=== Work request ===
Exactly the lines from the one containing "We've created our" through the end of the data, and nothing more, should be retyped; pictures stay out.

=== Input data ===
+ + + + + + +

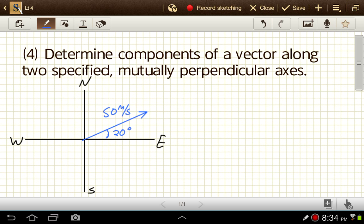If you're struggling with the naming conventions, think about how you'd describe position. If your house is five miles north of the mall, you start at the mall and go five miles north. Similarly, if a direction is 20 degrees north of east, you start at east and rotate 20 degrees toward north. It's a rotation instead of a linear movement, but the same naming system. So the components we want to find are the part of this velocity vector in the eastern direction and the part in the northern direction.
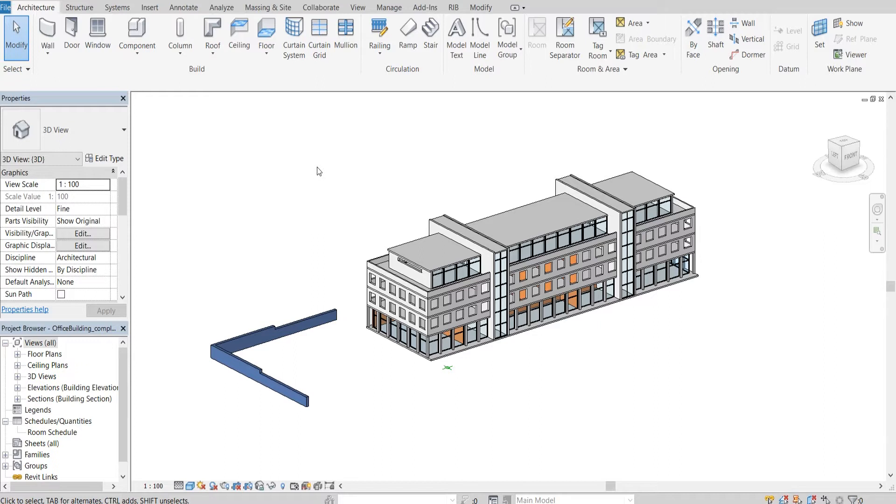After preparing and, if necessary, checking the building model in Revit, it is ready for the export.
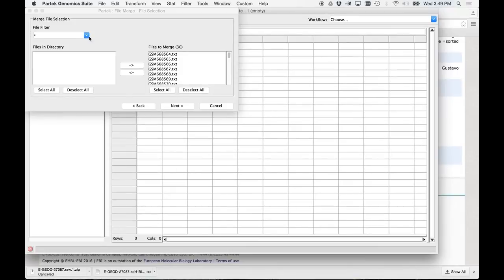File filter. No. We don't want to filter anything. All the files are in the directory. Files to merge. Everybody says 30, right? Okay. Hit next.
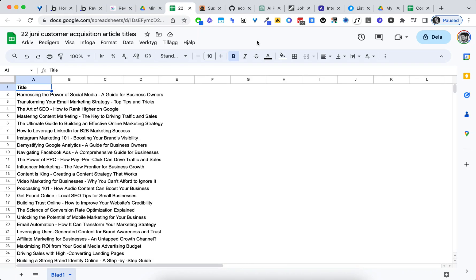Create 100 highly optimized SEO articles using AI in under 10 minutes. Okay, three steps or four steps, we'll see. Step number one, have a list of awesome article titles optimized for your topic.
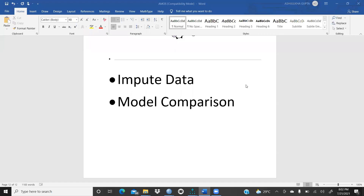Hi everyone, today we will continue structure equation modeling in AMOS and impute data and model comparison. In this video, we will learn impute data and model comparison — how two models we have created, and when we will compare both these models.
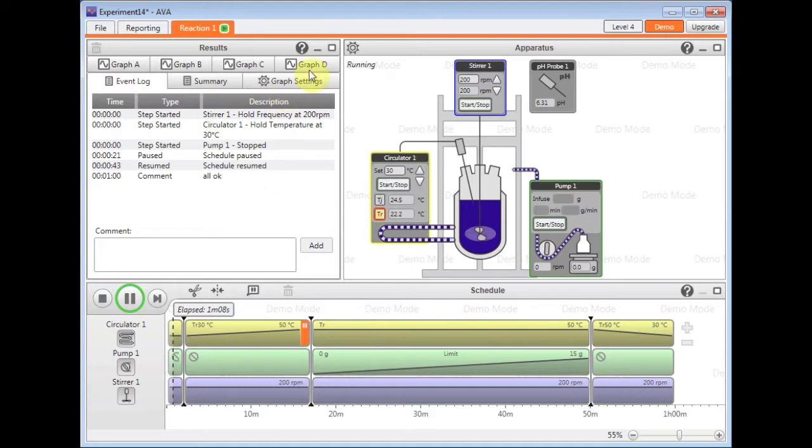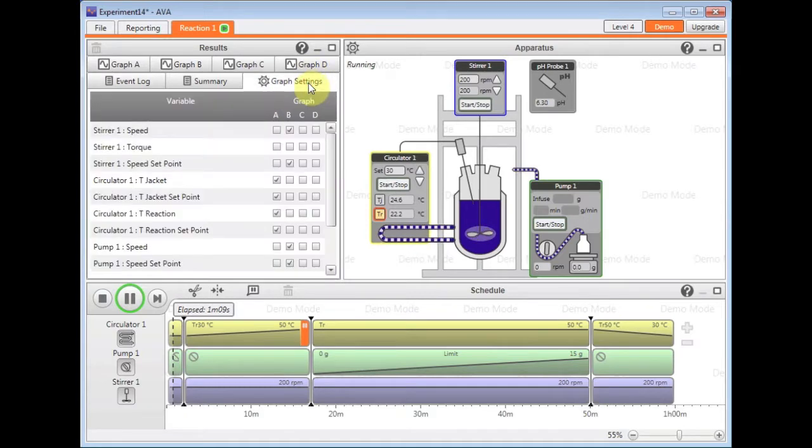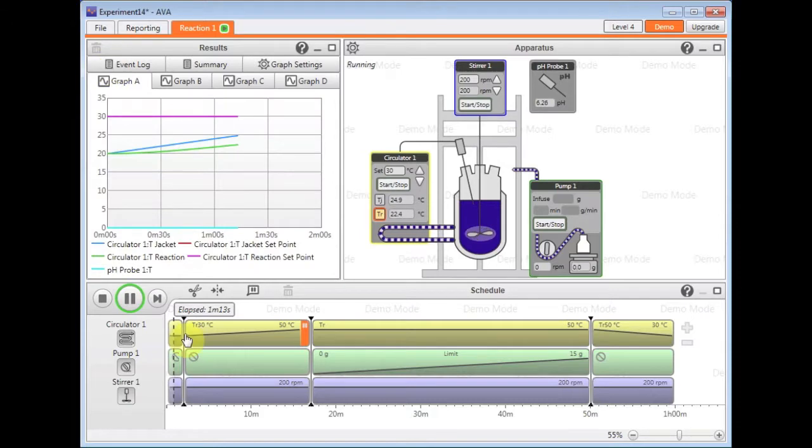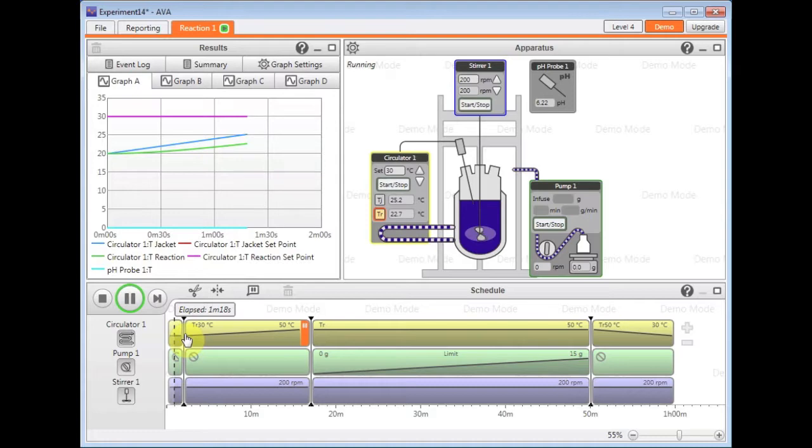You can also configure your graph views and see whatever you like on each of the graphs. So for example, you want to see the reaction temperature in relationship to your addition, then you can do so.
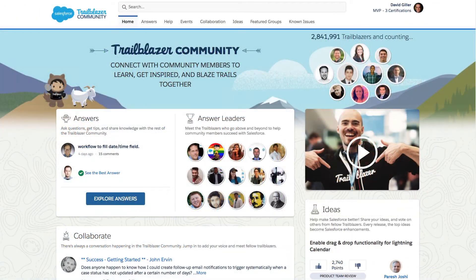In this video, we're going to do a walkthrough of the newly revamped Salesforce Trailblazer community. It used to be known as the Salesforce Success Community, but as of today it is now known as the Salesforce Trailblazer community.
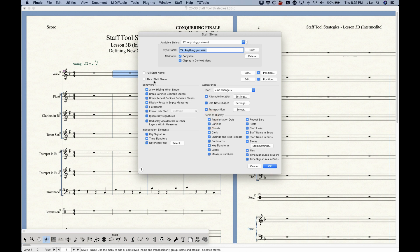Most of the time all of these boxes should remain as minus signs unless you're doing something specific — like definitely hiding chords, or definitely showing the staff name in parts. That's how the three states of these checkboxes work.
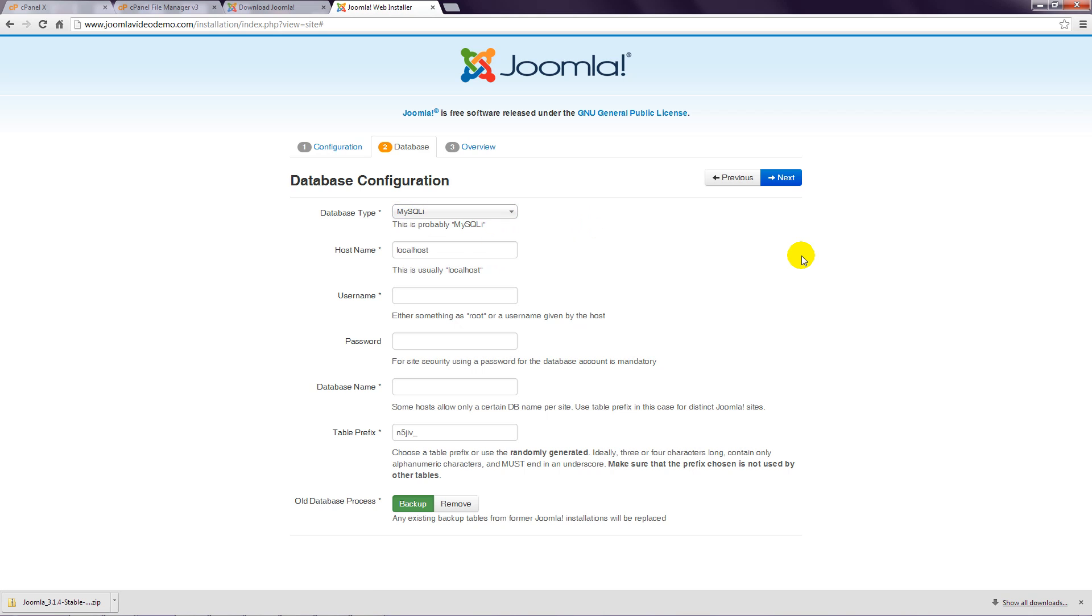Step 8: Next to Host Name, enter the location of your database as specified by your web host. In the majority of cases, you would leave this set to Local Host, but check the welcome email that you received from your host when you set up your account.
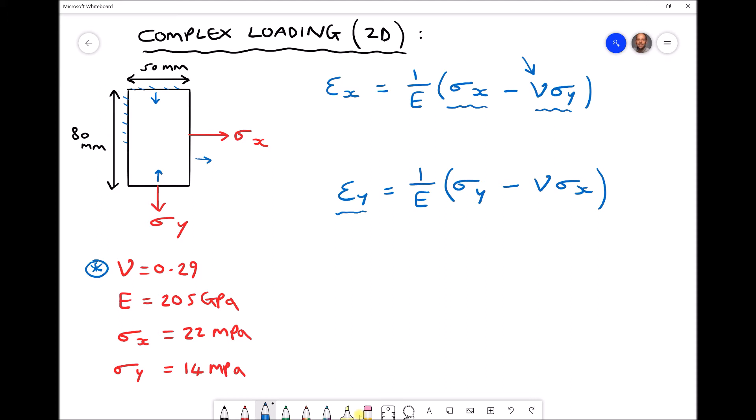Recall that when we talk about strain, it indicates the amount of deformation. Strain is change in length over original length, so it's a measure of how much deformation we have relative to the original length itself.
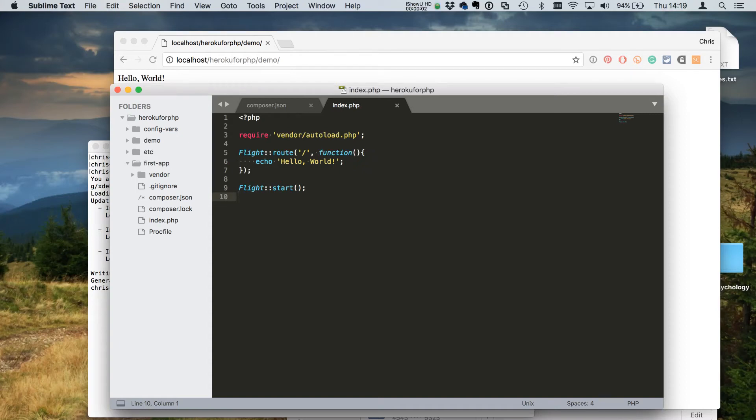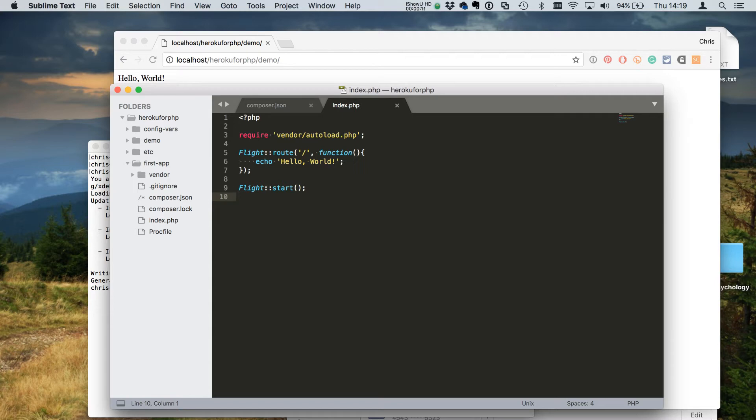We've created our basic web application, so the question is how do we tell the Heroku platform what we want to do when we push it up there. The answer is we use what's called a proc file.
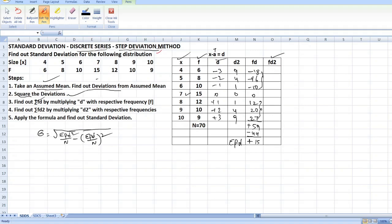In the same way, you have to find out fd square, which means f into d square. 6×9 = 54, 8×4 = 32, 10×1 = 10, 0. Next: 12×1 = 12, 10×4 = 40, 9×9 = 81. If you total all these, you will get 229. So you will denote this with summation fd square.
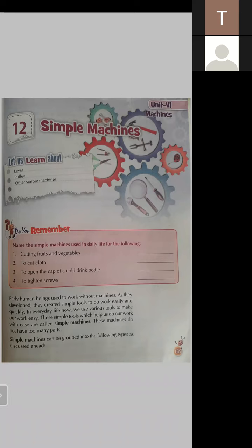The simple tools which help us do our work with ease — ease means easy, without any difficulty — are called simple machines. These machines do not have too many parts; they have either a single part or a maximum of two parts. Simple machines can be grouped into the following types, as discussed ahead.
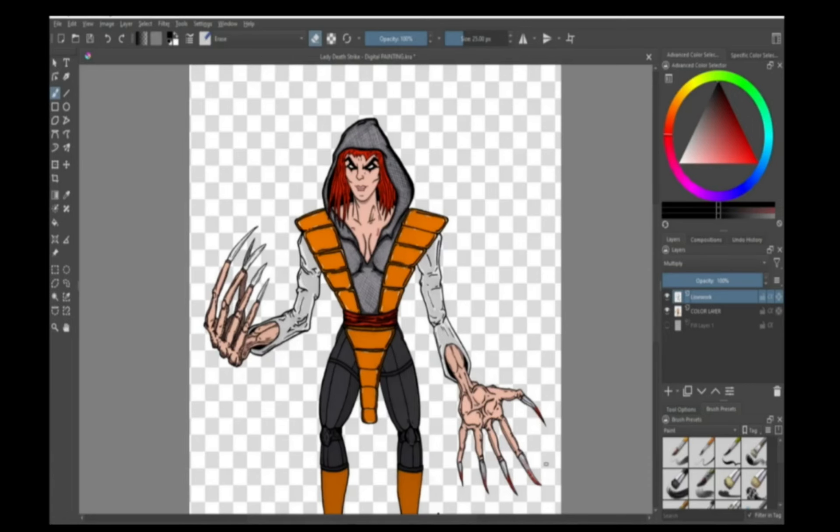Welcome back to FunLabs Design Studio. In the last video I went over some tips and tricks in Krita for painting.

+ + + + + + +

=== Expected output ===
We've created our basic web application, so the question is how do we tell the Heroku platform what we want to do when we push it up there. The answer is we use what's called a proc file.
In the same way, you have to find out fd square, which means f into d square. 6×9 = 54, 8×4 = 32, 10×1 = 10, 0. Next: 12×1 = 12, 10×4 = 40, 9×9 = 81. If you total all these, you will get 229. So you will denote this with summation fd square.
The simple tools which help us do our work with ease — ease means easy, without any difficulty — are called simple machines. These machines do not have too many parts; they have either a single part or a maximum of two parts. Simple machines can be grouped into the following types, as discussed ahead.
Welcome back to FunLabs Design Studio. In the last video I went over some tips and tricks in Krita for painting.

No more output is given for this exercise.